The Old Alignment Problem

Google the phrase “alignment problem” and the first result might well be the very excellent book of that title by Brian Christian. And the next one might be a definition such as “the challenge of steering AI systems toward human goals and values.”

AI alignment is one facet of an emerging field called “AI safety.” It’s controversial in some quarters, but it’s arguably among the most important issues at the nexus of technology and society these days.

If you read a little further you might encounter a thinker who seems to want to derail the conversation by asking which humans’ values we have in mind, suggesting that talk of generic human values usually involves assuming that some particular group’s values are everyone’s values and so maybe we have to talk about that first.
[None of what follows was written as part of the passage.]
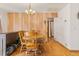 Traditional dining room with hardwood floors, retro wood paneling, table and chandelier at 1275 Otis St, Lakewood, CO 80214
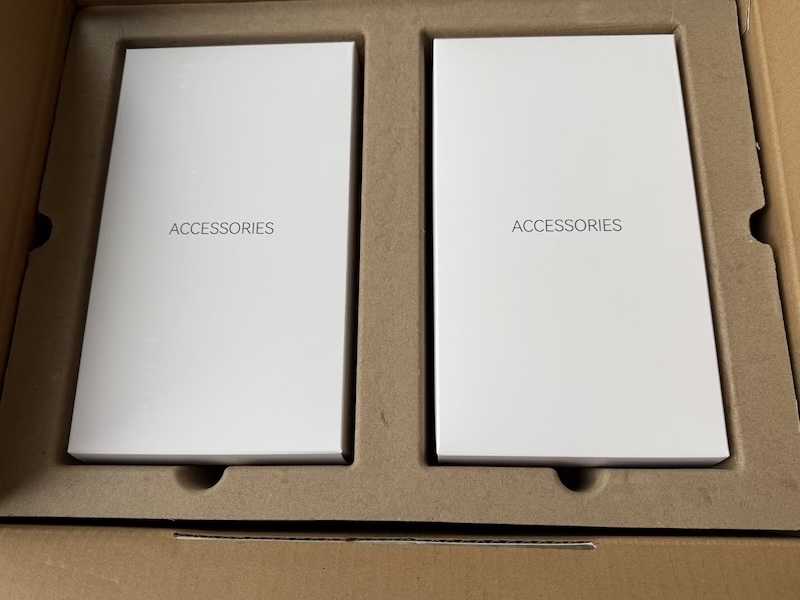 open box with accessory boxes visible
But even before getting to that conundrum, there is plenty to chew on: AI can be thought of as goal-seeking or objective-maximizing automation; but even if it could do those things perfectly, it turns out that specifying goals and objectives for machines can be a tricky business. You might know what you want and what you care about, but it is challenging to translate that for the machine. And, further, it turns out it is also hard for you to know what you care about and what you want. And if there is more than one of you or if you have some responsibility for other people, it is very hard to ascertain what all of you want and care about and so getting the machine on board with “human values” (no matter whose they are) is anything but straightforward.

But while AI safety is a relatively new field, the alignment problem is anything but new. Humans have been struggling with value alignment for pretty much as long as they have been around; the problem of human social organization is the problem of value alignment. From two hunter-gatherers struggling to cooperate to find food to one spouse sending the other to do the shopping to a corporation trying to get marketing and product to coordinate around the company’s mission, the challenge of steering other agents toward our goals and values has bedeviled us forever.

And that problem of “whose values” has been here the whole time. Families, friendships, communities, clans, companies, and countries always face the dual challenge of steering agents toward a set of goals and values AND figuring out what those goals and values are.